2. HOW TO FIX THE SLICING PROBLEM
To defeat the problem, we use pointers to dynamic variables.
EXAMPLE
Pet *ptrP;
Dog *ptrD;
ptrD = new Dog;
ptrD->name = "Tommy";
ptrD->breed = "Kangal Dog";
ptrP = ptrD;
cout << ((Dog *)ptrP)->breed;
In this case, none of the data members or member functions of the dynamic variable
being pointed to by ptrD (descendant class object) will be lost. In addition, if you need to use functions, the function must be a virtual function.
It seems to me, that slicing isn't so much a problem other than when your own classes and program are poorly architected/designed.
If I pass a subclass object in as a parameter to a method, which takes a parameter of type superclass, I should certainly be aware of that and know the internally, the called method will be working with the superclass (aka baseclass) object only.
It seems to me only the unreasonable expectation that providing a subclass where a baseclass is requested, would somehow result in subclass specific results, would cause slicing to be a problem.

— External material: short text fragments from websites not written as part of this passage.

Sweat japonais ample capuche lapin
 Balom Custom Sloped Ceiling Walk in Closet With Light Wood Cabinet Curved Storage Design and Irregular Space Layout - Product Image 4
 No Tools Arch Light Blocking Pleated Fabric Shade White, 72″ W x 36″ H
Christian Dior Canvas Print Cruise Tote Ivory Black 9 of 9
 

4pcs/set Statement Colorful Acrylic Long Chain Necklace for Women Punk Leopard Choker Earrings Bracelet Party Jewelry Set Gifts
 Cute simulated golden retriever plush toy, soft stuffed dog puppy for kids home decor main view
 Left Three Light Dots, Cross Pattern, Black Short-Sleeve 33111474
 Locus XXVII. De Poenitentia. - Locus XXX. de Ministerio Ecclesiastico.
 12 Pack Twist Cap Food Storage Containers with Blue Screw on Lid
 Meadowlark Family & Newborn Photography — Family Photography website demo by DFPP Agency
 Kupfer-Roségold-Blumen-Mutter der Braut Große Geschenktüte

Its either poor design in the use of the method or a poor subclass implementation. I'm guessing its usually the result of sacrificing good OOP design in favor of expediency or performance gains.
OK, I'll give it a try after reading many posts explaining object slicing but not how it becomes problematic.
The vicious scenario that can result in memory corruption is the following:
Class provides (accidentally, possibly compiler-generated) assignment on a polymorphic base class.
Client copies and slices an instance of a derived class.
Client calls a virtual member function that accesses the sliced-off state.
Slicing means that the data added by a subclass are discarded when an object of the subclass is passed or returned by value or from a function expecting a base class object.
Explanation:
Consider the following class declaration:
class baseclass
{
...
baseclass & operator =(const baseclass&);
baseclass(const baseclass&);
}
void function( )
{
baseclass obj1=m;
obj1=m;
}
As baseclass copy functions don't know anything about the derived only the base part of the derived is copied. This is commonly referred to as slicing.
class A
{
int x;
};
class B
{
B( ) : x(1), c('a') { }
int x;
char c;
};
int main( )
{
A a;
B b;
a = b; // b.c == 'a' is "sliced" off
return 0;
}
when a derived class object is assigned to a base class object, additional attributes of a derived class object are sliced off (discard) form the base class object.
class Base {
int x;
};
class Derived : public Base {
int z;
};
int main()
{
Derived d;
Base b = d; // Object Slicing, z of d is sliced off
}
When a Derived class Object is assigned to Base class Object, all the members of derived class object is copied to base class object except the members which are not present in the base class. These members are Sliced away by the compiler.
This is called Object Slicing.
Here is an Example:
#include<bits/stdc++.h>
using namespace std;
class Base
{
public:
int a;
int b;
int c;
Base()
{
a=10;
b=20;
c=30;
}
};
class Derived : public Base
{
public:
int d;
int e;
Derived()
{
d=40;
e=50;
}
};
int main()
{
Derived d;
cout<<d.a<<"\n";
cout<<d.b<<"\n";
cout<<d.c<<"\n";
cout<<d.d<<"\n";
cout<<d.e<<"\n";
Base b = d;
cout<<b.a<<"\n";
cout<<b.b<<"\n";
cout<<b.c<<"\n";
cout<<b.d<<"\n";
cout<<b.e<<"\n";
return 0;
}
It will generate:
[Error] 'class Base' has no member named 'd'
[Error] 'class Base' has no member named 'e'
I just ran across the slicing problem and promptly landed here. So let me add my two cents to this.
Let's have an example from "production code" (or something that comes kind of close):
Let's say we have something that dispatches actions. A control center UI for example.
This UI needs to get a list of things that are currently able to be dispatched. So we define a class that contains the dispatch-information. Let's call it Action. So an Action has some member variables. For simplicity we just have 2, being a std::string name and a std::function<void()> f. Then it has an void activate() which just executes the f member.
So the UI gets a std::vector<Action> supplied. Imagine some functions like:
void push_back(Action toAdd);
Now we have established how it looks from the UI's perspective. No problem so far. But some other guy who works on this project suddenly decides that there are specialized actions that need more information in the Action object. For what reason ever. That could also be solved with lambda captures. This example is not taken 1-1 from the code.
So the guy derives from Action to add his own flavour.
He passes an instance of his home-brewed class to the push_back but then the program goes haywire.
So what happened?
As you might have guessed: the object has been sliced.
The extra information from the instance has been lost, and f is now prone to undefined behaviour.
I hope this example brings light about for those people who can't really imagine things when talking about As and Bs being derived in some manner.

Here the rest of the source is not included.